ACTION ITEM: In the entries below, filter for the word "Silver" and copy every matching line.

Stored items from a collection
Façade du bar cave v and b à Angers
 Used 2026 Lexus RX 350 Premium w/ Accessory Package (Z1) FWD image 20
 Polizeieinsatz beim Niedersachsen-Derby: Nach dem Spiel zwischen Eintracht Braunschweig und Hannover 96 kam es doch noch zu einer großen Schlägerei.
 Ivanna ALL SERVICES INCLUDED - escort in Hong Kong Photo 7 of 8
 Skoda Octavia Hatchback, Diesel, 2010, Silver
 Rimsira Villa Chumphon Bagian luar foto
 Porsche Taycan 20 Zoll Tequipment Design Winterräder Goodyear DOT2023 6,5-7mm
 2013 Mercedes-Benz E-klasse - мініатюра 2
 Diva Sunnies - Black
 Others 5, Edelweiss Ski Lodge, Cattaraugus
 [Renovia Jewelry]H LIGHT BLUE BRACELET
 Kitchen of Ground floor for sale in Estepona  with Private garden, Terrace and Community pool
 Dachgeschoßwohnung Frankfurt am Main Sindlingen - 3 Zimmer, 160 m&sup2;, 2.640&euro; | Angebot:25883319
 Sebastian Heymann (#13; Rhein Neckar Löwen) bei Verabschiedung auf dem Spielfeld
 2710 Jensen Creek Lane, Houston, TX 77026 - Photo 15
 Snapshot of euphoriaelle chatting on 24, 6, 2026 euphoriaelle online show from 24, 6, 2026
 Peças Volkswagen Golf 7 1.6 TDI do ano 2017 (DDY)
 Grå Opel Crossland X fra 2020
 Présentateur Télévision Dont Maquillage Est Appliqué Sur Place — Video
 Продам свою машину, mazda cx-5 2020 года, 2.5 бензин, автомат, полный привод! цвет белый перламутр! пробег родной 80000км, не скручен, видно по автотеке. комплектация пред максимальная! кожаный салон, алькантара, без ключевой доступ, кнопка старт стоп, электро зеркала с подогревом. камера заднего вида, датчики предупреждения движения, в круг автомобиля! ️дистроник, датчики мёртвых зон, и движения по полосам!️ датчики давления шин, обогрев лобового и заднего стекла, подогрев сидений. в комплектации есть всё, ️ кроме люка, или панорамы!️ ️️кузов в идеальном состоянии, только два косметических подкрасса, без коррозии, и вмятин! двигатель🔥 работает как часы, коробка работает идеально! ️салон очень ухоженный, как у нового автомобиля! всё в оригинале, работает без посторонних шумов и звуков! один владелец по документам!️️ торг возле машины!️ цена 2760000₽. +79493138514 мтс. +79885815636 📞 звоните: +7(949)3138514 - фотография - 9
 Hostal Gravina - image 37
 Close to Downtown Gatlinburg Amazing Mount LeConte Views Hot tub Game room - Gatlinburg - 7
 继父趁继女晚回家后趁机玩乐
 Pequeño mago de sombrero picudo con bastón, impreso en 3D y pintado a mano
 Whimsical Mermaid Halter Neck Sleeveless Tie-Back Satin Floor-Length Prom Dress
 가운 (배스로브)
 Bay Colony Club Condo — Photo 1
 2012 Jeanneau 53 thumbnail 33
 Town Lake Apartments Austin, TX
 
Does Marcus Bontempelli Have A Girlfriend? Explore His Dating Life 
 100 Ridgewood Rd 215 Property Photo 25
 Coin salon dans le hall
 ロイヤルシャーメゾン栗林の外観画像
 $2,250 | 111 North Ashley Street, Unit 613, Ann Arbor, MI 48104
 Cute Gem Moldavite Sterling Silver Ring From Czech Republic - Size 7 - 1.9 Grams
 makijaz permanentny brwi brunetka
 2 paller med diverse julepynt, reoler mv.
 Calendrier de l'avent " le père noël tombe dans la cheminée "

THE ANSWER:
 Skoda Octavia Hatchback, Diesel, 2010, Silver
 Cute Gem Moldavite Sterling Silver Ring From Czech Republic - Size 7 - 1.9 Grams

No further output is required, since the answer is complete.